**ABOUT THIS EXERCISE**
Every line of the records below from the line with "1910s - 2 Antique" up to and including the line with "MALIBU HIGH LEG" must be reproduced exactly, and no line outside that range.

RECORDS FOR THIS EXERCISE Block Start

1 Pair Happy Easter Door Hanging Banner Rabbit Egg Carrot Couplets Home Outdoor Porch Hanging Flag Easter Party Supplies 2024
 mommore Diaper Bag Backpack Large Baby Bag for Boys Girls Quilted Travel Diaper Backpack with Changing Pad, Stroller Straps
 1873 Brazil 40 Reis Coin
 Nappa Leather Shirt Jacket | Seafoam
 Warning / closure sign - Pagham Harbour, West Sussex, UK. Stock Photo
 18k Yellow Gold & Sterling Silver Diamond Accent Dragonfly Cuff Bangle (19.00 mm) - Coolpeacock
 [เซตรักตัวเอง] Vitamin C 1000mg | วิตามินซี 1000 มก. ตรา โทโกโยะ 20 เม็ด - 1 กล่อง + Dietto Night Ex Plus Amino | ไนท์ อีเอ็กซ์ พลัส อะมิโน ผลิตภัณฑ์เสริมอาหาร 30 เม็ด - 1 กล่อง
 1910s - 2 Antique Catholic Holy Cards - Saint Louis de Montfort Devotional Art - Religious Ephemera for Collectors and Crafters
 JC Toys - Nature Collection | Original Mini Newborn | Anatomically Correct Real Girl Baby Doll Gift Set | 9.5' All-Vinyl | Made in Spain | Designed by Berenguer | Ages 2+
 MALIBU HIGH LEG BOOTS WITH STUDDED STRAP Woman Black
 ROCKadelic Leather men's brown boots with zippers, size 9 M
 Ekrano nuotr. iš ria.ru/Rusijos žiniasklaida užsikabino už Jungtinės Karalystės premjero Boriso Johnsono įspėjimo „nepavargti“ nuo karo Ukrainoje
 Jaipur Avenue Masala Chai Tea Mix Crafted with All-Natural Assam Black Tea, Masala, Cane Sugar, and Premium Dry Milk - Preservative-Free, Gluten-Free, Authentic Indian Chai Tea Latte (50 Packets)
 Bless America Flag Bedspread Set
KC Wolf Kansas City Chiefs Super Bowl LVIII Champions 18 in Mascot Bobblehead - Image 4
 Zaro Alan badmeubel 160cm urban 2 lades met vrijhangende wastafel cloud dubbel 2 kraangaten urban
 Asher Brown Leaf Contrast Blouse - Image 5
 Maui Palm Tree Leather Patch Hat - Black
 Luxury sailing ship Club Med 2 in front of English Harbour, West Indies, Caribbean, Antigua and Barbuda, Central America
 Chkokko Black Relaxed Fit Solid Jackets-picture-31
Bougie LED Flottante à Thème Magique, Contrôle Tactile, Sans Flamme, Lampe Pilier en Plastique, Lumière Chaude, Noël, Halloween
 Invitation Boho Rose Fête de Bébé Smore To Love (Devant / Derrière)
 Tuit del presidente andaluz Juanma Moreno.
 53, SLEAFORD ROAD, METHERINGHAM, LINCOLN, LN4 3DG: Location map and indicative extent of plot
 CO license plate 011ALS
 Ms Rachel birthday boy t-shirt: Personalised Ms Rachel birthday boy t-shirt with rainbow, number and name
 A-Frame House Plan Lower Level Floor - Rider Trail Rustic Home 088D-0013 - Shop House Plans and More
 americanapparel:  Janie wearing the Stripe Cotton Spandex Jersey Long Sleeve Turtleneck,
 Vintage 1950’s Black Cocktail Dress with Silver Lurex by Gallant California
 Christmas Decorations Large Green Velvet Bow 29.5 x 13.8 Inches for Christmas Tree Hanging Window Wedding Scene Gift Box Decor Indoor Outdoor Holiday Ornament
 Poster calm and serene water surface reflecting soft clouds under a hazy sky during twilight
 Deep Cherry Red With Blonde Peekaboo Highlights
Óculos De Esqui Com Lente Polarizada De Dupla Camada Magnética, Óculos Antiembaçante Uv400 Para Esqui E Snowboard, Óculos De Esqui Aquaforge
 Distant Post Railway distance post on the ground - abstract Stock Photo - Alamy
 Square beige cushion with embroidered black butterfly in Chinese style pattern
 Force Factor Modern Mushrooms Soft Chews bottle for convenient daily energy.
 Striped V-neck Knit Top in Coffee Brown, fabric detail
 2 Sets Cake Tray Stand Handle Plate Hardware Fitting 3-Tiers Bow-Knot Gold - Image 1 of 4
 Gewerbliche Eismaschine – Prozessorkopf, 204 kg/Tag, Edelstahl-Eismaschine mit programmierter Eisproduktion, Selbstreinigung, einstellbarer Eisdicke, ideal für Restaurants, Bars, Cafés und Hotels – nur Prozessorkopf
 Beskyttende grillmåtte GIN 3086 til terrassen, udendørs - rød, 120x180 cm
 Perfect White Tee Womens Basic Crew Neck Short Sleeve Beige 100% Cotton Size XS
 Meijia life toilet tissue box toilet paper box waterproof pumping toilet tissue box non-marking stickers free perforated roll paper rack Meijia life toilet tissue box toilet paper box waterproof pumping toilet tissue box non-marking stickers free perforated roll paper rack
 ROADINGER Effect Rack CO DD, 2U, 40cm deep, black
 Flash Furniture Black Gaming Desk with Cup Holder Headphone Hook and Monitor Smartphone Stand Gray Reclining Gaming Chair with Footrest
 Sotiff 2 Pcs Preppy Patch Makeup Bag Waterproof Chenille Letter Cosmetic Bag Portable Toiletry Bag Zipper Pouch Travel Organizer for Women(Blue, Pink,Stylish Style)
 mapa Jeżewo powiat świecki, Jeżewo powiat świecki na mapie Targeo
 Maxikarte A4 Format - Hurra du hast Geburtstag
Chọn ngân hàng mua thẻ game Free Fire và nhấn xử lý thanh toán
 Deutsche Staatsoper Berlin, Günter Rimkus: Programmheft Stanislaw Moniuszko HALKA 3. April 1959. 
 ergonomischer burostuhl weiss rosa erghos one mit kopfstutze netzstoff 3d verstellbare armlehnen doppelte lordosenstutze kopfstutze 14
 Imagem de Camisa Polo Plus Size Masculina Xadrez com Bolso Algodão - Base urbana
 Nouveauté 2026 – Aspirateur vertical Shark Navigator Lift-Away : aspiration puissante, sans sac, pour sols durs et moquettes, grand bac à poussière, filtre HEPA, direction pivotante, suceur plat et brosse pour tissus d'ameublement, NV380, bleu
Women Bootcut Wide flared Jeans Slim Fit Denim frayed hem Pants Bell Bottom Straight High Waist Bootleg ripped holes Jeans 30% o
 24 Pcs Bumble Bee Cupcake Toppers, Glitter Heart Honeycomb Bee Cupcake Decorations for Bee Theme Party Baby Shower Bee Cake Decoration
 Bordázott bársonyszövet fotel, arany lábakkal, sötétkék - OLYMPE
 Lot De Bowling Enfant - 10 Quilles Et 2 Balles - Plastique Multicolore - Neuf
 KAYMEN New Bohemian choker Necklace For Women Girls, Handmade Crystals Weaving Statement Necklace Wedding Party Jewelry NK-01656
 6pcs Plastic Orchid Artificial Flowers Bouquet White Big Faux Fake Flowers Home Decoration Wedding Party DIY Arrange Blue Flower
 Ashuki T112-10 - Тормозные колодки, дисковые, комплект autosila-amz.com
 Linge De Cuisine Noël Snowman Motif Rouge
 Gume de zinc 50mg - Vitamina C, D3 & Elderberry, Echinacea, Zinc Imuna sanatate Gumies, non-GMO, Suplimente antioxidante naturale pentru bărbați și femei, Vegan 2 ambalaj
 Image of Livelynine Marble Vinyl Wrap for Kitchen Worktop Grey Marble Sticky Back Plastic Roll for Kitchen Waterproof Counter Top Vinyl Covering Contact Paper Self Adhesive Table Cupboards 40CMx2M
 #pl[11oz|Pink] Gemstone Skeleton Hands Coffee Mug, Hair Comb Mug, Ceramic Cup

RECORDS FOR THIS EXERCISE Block End

**TASK ANSWER**
 1910s - 2 Antique Catholic Holy Cards - Saint Louis de Montfort Devotional Art - Religious Ephemera for Collectors and Crafters
 JC Toys - Nature Collection | Original Mini Newborn | Anatomically Correct Real Girl Baby Doll Gift Set | 9.5' All-Vinyl | Made in Spain | Designed by Berenguer | Ages 2+
 MALIBU HIGH LEG BOOTS WITH STUDDED STRAP Woman Black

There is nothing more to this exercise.